The libcrux half of that tradeoff is, in our view, not a feature worth chasing. Our February audit of Cryspen’s “formally verified” libraries found undisclosed silent cryptographic failures in libcrux-ml-dsa (platform-dependent SHA-3 corruption that was patched without a public advisory), entropy-reducing pre-hash clamping in Ed25519, and a denial-of-service panic in libcrux-psq’s AES-GCM decryption path. Cryspen’s public response acknowledged the findings without retracting the “highest level of assurance” marketing language attached to the library; our follow-up analysis and an independent paper have since surfaced further specification deviations in libcrux-ml-dsa. The “formally verified” framing that draws users to libcrux does not, on the evidence we have assembled, describe the engineering you are getting. If you’re using RustCrypto anyway — which is what hpke-ng does by default and what most hpke-rs deployments do in practice — the provider abstraction is paying rent for a backend you would be wise to avoid.

Speed

The full benchmark protocol is in cargo bench --features comparative in the hpke-ng repository: criterion harness, sample size 40–60, 2–3 second measurement window, RUSTFLAGS="-C target-cpu=native", lto = "thin", codegen-units = 1. Apple Silicon M-series, macOS. The numbers below are the median across two independent bench runs. The post-quantum rows enable hpke-rs-rust-crypto’s experimental feature flag — without it, hpke-rs’s PQ KEMs return UnsupportedKemOperation at runtime; the upstream comment on the gate is “broken and pre-releases. Disabling them until they are stable.”

The wins concentrate in four places: the post-quantum KEM path (the largest deltas in the entire dataset, peaking at −55% on ML-KEM decap), the classical KEM encap/decap path, the single-shot open path, and the ChaCha20 setup paths. These are the rows where hpke-rs’s per-call overhead — trait dispatch, allocator pressure, an enum match per primitive, a from-seed key reconstruction on every PQ decap — adds measurable framing cost on top of the underlying crypto. Start with the KEM operations on X25519:

KEM operations · X25519

hpke-rshpke-ng
generate
7.69 µs
8.94 µs
+16%
derive_key
8.79 µs
9.39 µs
+7%
encap
38.00 µs
34.33 µs
−10%
decap
36.73 µs
21.47 µs
−41%
Lower is faster. Bars normalized per-row to max(rs, ng).
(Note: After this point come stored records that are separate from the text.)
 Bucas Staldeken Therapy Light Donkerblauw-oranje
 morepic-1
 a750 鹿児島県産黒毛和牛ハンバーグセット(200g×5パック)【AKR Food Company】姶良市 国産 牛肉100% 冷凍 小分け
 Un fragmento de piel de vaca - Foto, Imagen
The decap row tells the load-bearing story: hpke-ng caches the recipient’s serialized public-key bytes alongside the secret, so decap no longer pays a base-point scalar multiplication just to rebuild the recipient-PK piece of kem_context on every call. hpke-rs runs that scalar mult per decap. Encap is 10% faster from the same monomorphization trick — the LabeledExtract + LabeledExpand chain wrapping the raw Diffie-Hellman compiles to direct calls, where hpke-rs routes each through its enum-dispatched provider trait. The generate and derive_key_pair rows go the other way (+16% and +7%) because the public-key bytes are now computed and stored at construction time — a one-time cost paid for the per-call decap savings, on a one-call-per-keypair operation that doesn’t appear on any hot path. The same scalar-mult-saving trick lands much harder on the post-quantum decap rows we’ll see shortly.
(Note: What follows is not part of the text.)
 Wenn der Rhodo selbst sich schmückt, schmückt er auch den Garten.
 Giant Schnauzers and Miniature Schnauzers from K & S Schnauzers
Setup is the combined fixed cost paid every time a sender or receiver context is constructed: KEM op + key schedule + Context allocation. The wins here are consistent over ChaCha20:

Setup paths · sender / receiver / PSK

hpke-rshpke-ng
X25519+ChaCha20
sender (Base)
38.62 µs
34.17 µs
−12%
X25519+ChaCha20
receiver (Base)
36.84 µs
25.45 µs
−31%
X25519+ChaCha20
sender (PSK)
38.14 µs
33.86 µs
−11%
X25519+AES-128
sender (Base)
40.29 µs
34.35 µs
−15%
P-256+AES-128
sender (Base)
156.57 µs
145.59 µs
−7%
K256+ChaCha20
sender (Base)
54.32 µs
47.67 µs
−12%
Receiver-side wins are larger than sender-side because both `decap` and the post-decap key schedule benefit from the cached public-key bytes.
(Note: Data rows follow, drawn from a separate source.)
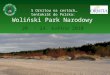 S Ornitou na cestách… tentokrát do Polska:  Woliński Park Narodowy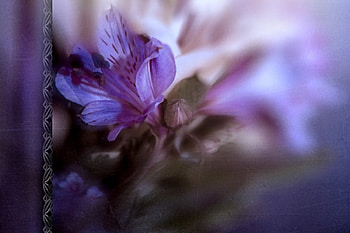 Sweetness, texture, purple, flower HD wallpaper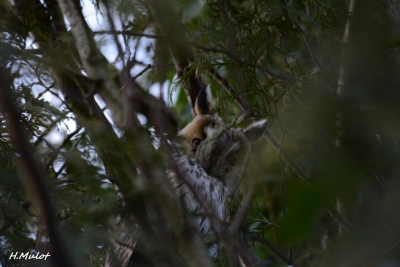 Oiseaux Hibou moyen-duc (Asio otus)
The post-quantum KEMs add a structural dimension to the comparison that the classical KEMs don’t have. hpke-ng stores MlKem* private keys as the 64-byte (d, z) seed plus the materialized FIPS 203 expanded decapsulation key — built once at construction, kept in the PrivateKey wrapper, reused on every decap. hpke-rs stores only the seed and rebuilds the expanded key on every setup_receiver call by re-running FIPS 203 KeyGen_internal. That single design choice is the load-bearing reason ML-KEM decap shows up at −54% to −55% — the largest single deltas in the dataset. ML-KEM-768 first:

KEM operations · ML-KEM-768

hpke-rshpke-ng
generate
17.18 µs
17.62 µs
+3%
derive_key
14.49 µs
14.17 µs
−2%
encap
23.54 µs
14.84 µs
−37%
decap
38.86 µs
17.53 µs
−55%
decap (−55%) is the largest delta in the suite, encap (−37%) close behind — hpke-ng caches the expanded decapsulation key in the private key and the parsed encapsulation key in the public key; hpke-rs rebuilds both from raw bytes on every call.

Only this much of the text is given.